Photo used under the Creative Commons Attribution License, with thanks to PlayfulLibrarian.


Chinelle B.
Chinelle B7 years ago

Hi everyone.. I don't wish to pass judgement on people as I am very obviously judged myself harshly for being a gay parent. However, I am also a believer, but in this instance feel the need to stipulate this fact due to the fact that religion seems to have been thrown into this conversation like a shield against evil. I truly feel that being gay doesn't make one evil and I would hate to be judged on that level by a fellow believer.

This does seem a little silly to throwing God's name around for self-satisfaction, not so?

Having said all that, I would like to point out that I feel people are being rather nasty to each other, and it's not very nice.

Please stop it now? It's become far more personal than it should be, and I find this very unnecessary and rather hurtful if I may add.... I do hope this will be the last comment on this subject... "Love and Light"

mary k.
mary k8 years ago

my response to barbara is that you think its ok to judge if you're not a christian, but if you are a christian, you should just stay quiet and take it. and to sarah good for you keep playing victim. it suits you.

Ali M.
Alice M8 years ago

Great that Scholastic have listened to what people want...
they will make more profit by including all segments of the parent market...Gay/openminded people buy lotsa books!

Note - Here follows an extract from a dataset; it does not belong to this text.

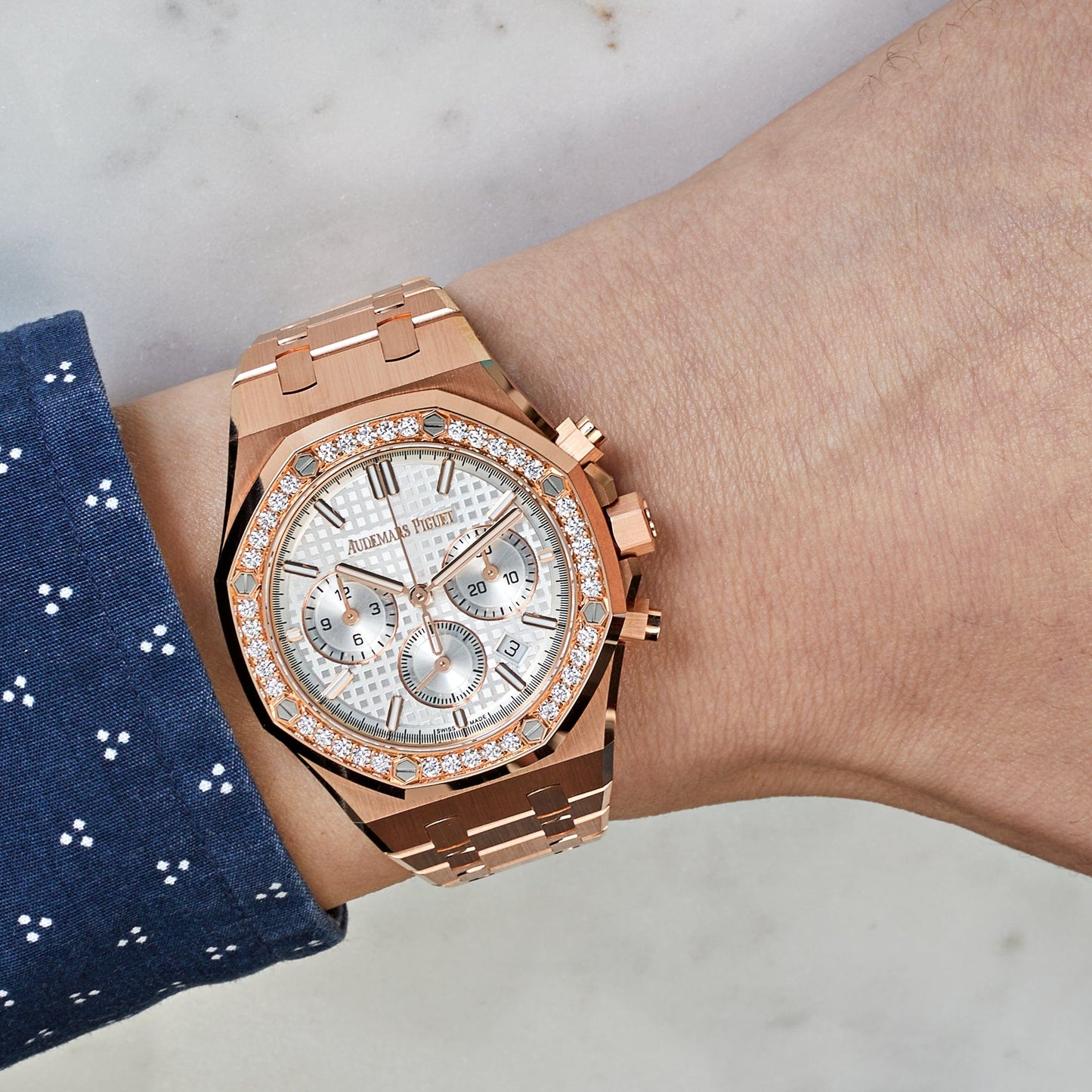 Audemars Piguet Royal Oak 26715OR.ZZ.1356OR.01 Chronograph Rose Gold Diamond Bezel (2024)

I've noticed that the children of same sex parents who have commented here have high levels of literacy and are obviously well educated...Maybe partly because their more openminded parents seek out more diverse reading matter than what's available in schools-
Children need to be equipped with information to help them understand their world and themselves...
It's amazing how afraid of difference some people are- coincidentally the 4 children of same sex parents I've known all grew up to be straight...People fearing that reading about gay people will turn their kids gay is totally irrational!
Unless you live in a gated fundamentalist community your children are going to encounter homosexuality at some stage...
And Jesus is all about LOVE, I don't believe he would discriminate against anyone...especially not children :)

Fay T.
Fay T8 years ago

Mary no one is forcing anyone to read anything! By banning certain books in public school because of one particular organized religion they are pushing their beliefs on everyone in that public school and in the process making certain individuals seem wrong or sinful. I will say it again there is suppose to be separation of church and state. Religious rules and beliefs have no place in PUBLIC SCHOOLS!!

mary k.
mary k8 years ago

yes, but christians also deserve the same respect that everyone else wants.we should not be forced to read anything we don't want either.

Fay T.
Fay T8 years ago

There is suppose to be a separation of church and state so religious beliefs should not come up in our public schools. This is not infringing on your rights as a Christian it is being respectful to those that are not Christians and do not believe or follow the Christian bible.
It is ridicules and yes rude to expect our nation to cater to Christians only and discriminate against all others. We are a melting pot of all colors, creeds, nationalities and yes sexualities. We are not just a Christian nation for anyone to think that we are and expect the world to revolve around you and your beliefs you are being discriminative to all others.

Tonya T.
Tonya T.8 years ago

In general...over the course on many years, minority groups of people(usually under 25% of the population), seems to feel that our Nation has not been fair or adequate by their standards. As a mother of almost 7 children, I am not against banning same-sex teachings in school. As a matter of fact, I am sick of everyone telling me and other Christians how we infringe on their civil rights and are discriminated. There is no more a discriminated group in the world now than people who believe in our heritage, our Bible, our God, and our country. There was nothing wrong with the Constitution or with the laws that we abide by, what is wrong is that everyone thinks that they are more important than everyone else and think their way is the way. It shows as our Nation has been banning the usage of the word God and forsaken our true Creator. This world has now become a breeding ground for hatred, and I am scared for my children. I do not discriminate against what I believe as I teach my children what is morally correct and try as hard as I can to testify that God and His Son hates NO ONE. This world is a pit of hypocrisy that is only doomed. So just a reminder to everyone, you may win the battle now, but ultimately your way will NEVER win the war. Our God is an awesome God and He reigns from Heaven above!! Peace and Love to you all.

Nightcat Mau
Nightcat M8 years ago

Oh for the love of Goddess! Nowadays it only takes a keystroke to make more than one version of a book.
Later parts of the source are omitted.